━━━━━ Supplied material
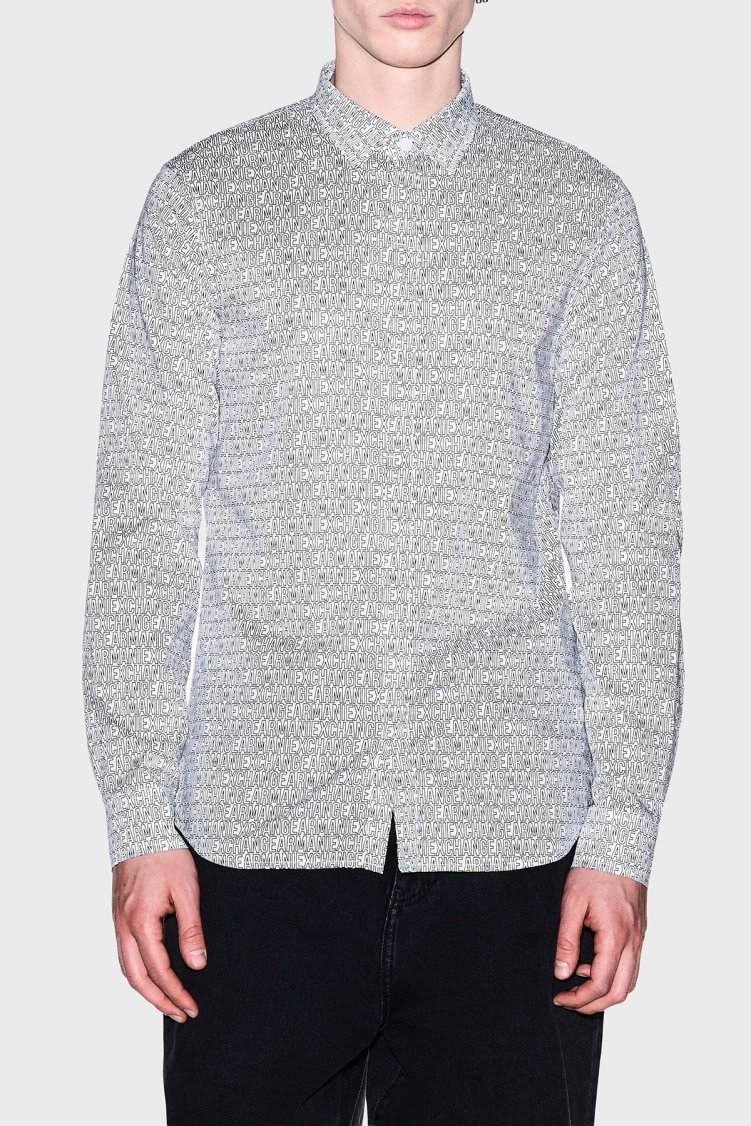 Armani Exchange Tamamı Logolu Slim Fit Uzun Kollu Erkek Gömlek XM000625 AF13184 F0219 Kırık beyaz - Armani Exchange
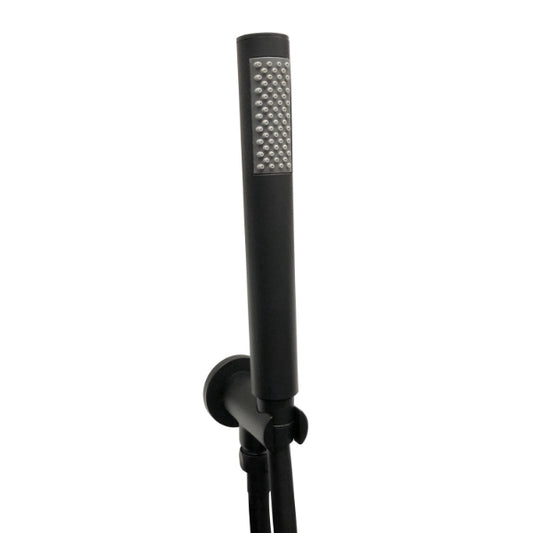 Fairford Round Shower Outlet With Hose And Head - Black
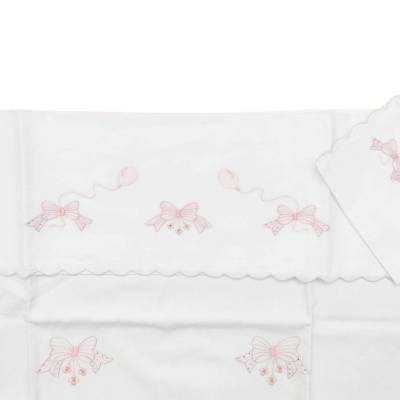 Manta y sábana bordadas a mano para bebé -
━━━━━━━━━━
━━━━━ Supplied material
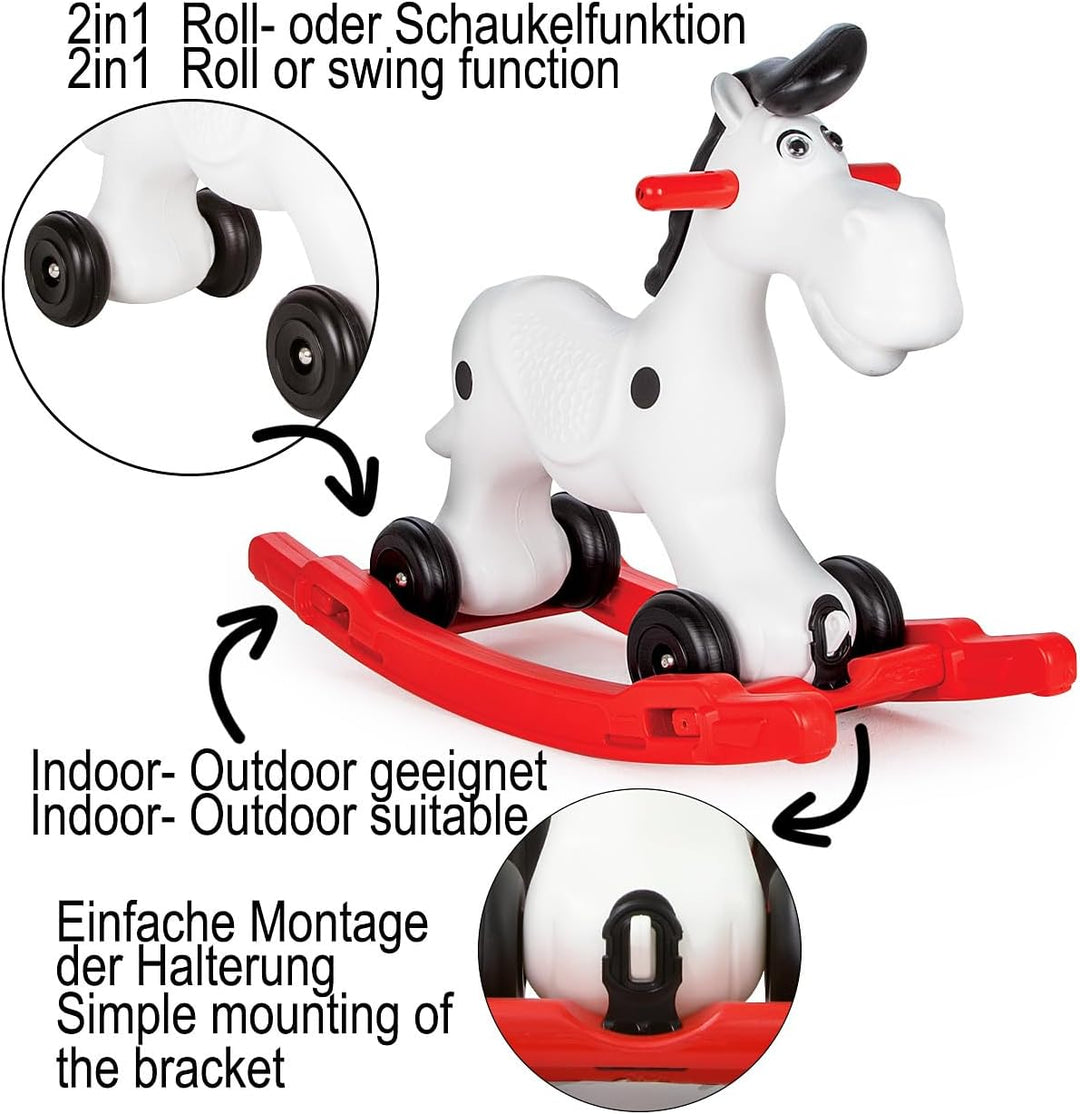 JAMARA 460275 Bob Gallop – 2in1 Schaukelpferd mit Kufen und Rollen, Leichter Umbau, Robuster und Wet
━━━━━━━━━━
:: Task description ::
Would you output the lines above from the line holding "Armani Exchange Tamamı" up to and including the line holding "Manta y sábana", exactly and only those, with no pictures?

:: Completed task ::
 Armani Exchange Tamamı Logolu Slim Fit Uzun Kollu Erkek Gömlek XM000625 AF13184 F0219 Kırık beyaz - Armani Exchange
 Fairford Round Shower Outlet With Hose And Head - Black
 Manta y sábana bordadas a mano para bebé -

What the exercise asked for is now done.